Dans l’œil du public, il est devenu le premier « taliban américain ». Il était présent lorsqu’une émeute provoquée par des prisonniers a mené à la mort de l’agent de la CIA Johnny Michael Spann, devenu le premier Américain tué en Afghanistan. Sa responsabilité alléguée dans la mort de Spann n’a toutefois jamais été prouvée. Il a d’abord été accusé de conspiration avec Al-Qaïda, mais a finalement plaidé coupable en juillet 2002 d’avoir fourni des services aux talibans. Il a écopé de 20 ans de prison, avec possibilité de libération conditionnelle après 17 ans – il est aujourd’hui libéré, vu sa bonne conduite. Puisqu’il était citoyen américain, il a été jugé devant la Cour fédérale et envoyé dans un pénitencier américain à haute sécurité plutôt que d’échouer à Guantánamo.

Lindh est-il « déradicalisé » ?

C’est loin d’être clair. Il y a deux ans, citant un document du Centre national de contre-terrorisme, le magazine Foreign Policy précisait que Lindh « continuait à plaider pour un djihad mondial et à transcrire des textes extrémistes violents ». Le même document ajoutait que les autorités s’inquiétaient que des dizaines « d’extrémistes [américains] incarcérés aux États-Unis et qui doivent être libérés d’ici cinq ans se réengagent probablement dans des activités terroristes ». Une évaluation du Bureau fédéral des prisons soulignait par ailleurs en 2017 que Lindh s’était montré sympathique au groupe armé État islamique.
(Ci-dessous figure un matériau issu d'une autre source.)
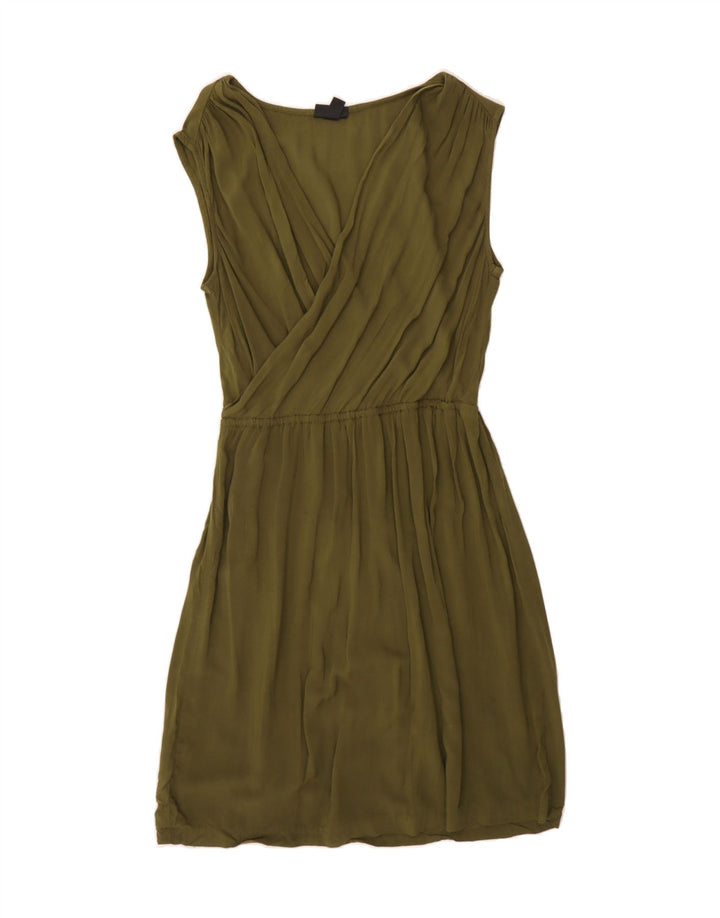 MOSSIMO Womens Sleeveless Sheath Dress UK 6 XS Khaki Vintage Mossimo and Second-Hand Mossimo from Messina Hembry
Pourquoi cette libération marque-t-elle l’imaginaire ?

À n’en point douter, voir le « taliban américain no 1 » retrouver sa liberté trois ans avant la fin de sa peine choque l’opinion publique au sud de notre frontière. Sur Twitter, des centaines de personnes ont directement interpellé le président Donald Trump pour lui demander d’intervenir. N’empêche, le cas Lindh n’est pas unique. Selon des chiffres cités par le New York Times, 346 personnes ont été condamnées pour des crimes liés au terrorisme djihadiste depuis les attaques du 11-Septembre. Le quart a été libéré, et la moitié le sera d’ici 2025. « Cela témoigne d’un problème avec lequel doit composer le gouvernement américain : des centaines de personnes ont été arrêtées depuis 2002, mais il n’y a aucun système en place pour s’occuper d’elles », a expliqué au quotidien Seamus Hughes, directeur du programme sur l’extrémisme à l’Université George Washington.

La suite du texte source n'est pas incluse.